Overcoming the Obstacle of High Relative Degree

Promulgated by some with religious-like fervor, viewed with skepticism by others, adaptive control has for almost 40 years been one of the most alluring, intriguing, and often misunderstood areas within the field of automatic control. In truth, despite its present shortcomings (e.g., its failure to adequately address performance issues) adaptive control has come quite a long way since first conceived. Once amounting to little more than a collection of seemingly unrelated heuristic ideas, adaptive control now rests on a bona fide foundational theory which serves to explain basic concepts and constructions in a principled manner.
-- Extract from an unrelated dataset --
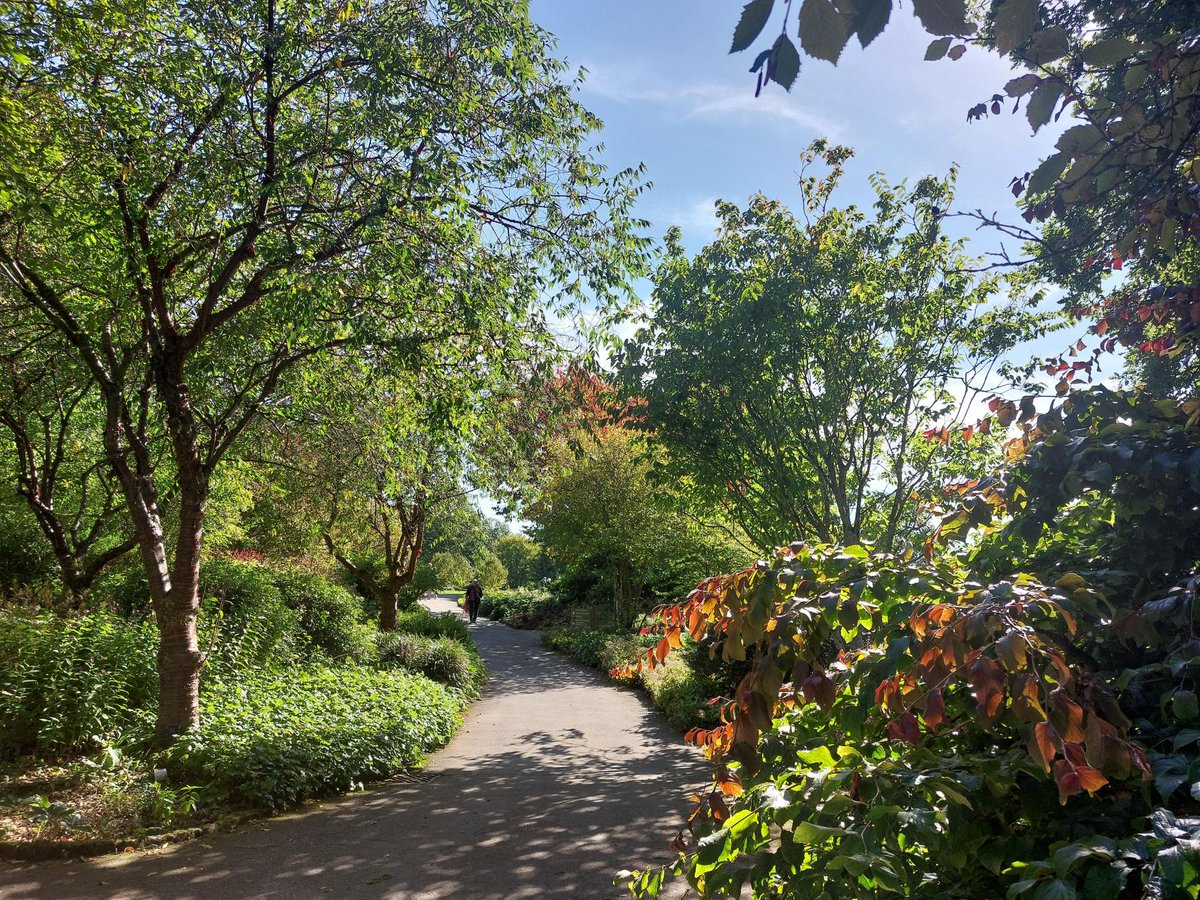 RHS_Rosemoor's tweet image. 🍃 It's the equinox today so the Earth's tilt makes the sun shine directly on the equator, making day and night nearly equal. This marks the official start of autumn - come visit to admire nature's artwork as the colours shift from green to gold 🍂

#visitdevon #visitexeter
An early advance contributing to the theory's development was the formulation and resolution of the now classical siso ‘model reference control problem’. The main obstacle to the problem's resolution was dealing with nominal process models of high ‘relative degree’. The assault on the relative degree problem involved many people and took place over a period of several years. The problem's first solution appeared in the late 1970s and used what is now called ‘integrator backstepping’. A second solution emerged about 2 years later and relied on the idea of ‘error normalisation’. The latter approach led to an overall control algorithm which was far simpler in form than that provided by backstepping. As a result the backstepping approach was totally eclipsed by the error normalisation approach and remained so for more than a decade. Ironically, integrator backstepping has quite recently enjoyed renewed and considerable attention because of its apparently unique ability to deal with certain types of nonlinearities in both adaptive and nonadaptive systems. The aims of this paper are to explain what backstepping is, to chronicle the events leading to the discovery of the backstepping solution to the classical model reference problem and to discuss the significance of this work in the broader context of contemporary adaptive control.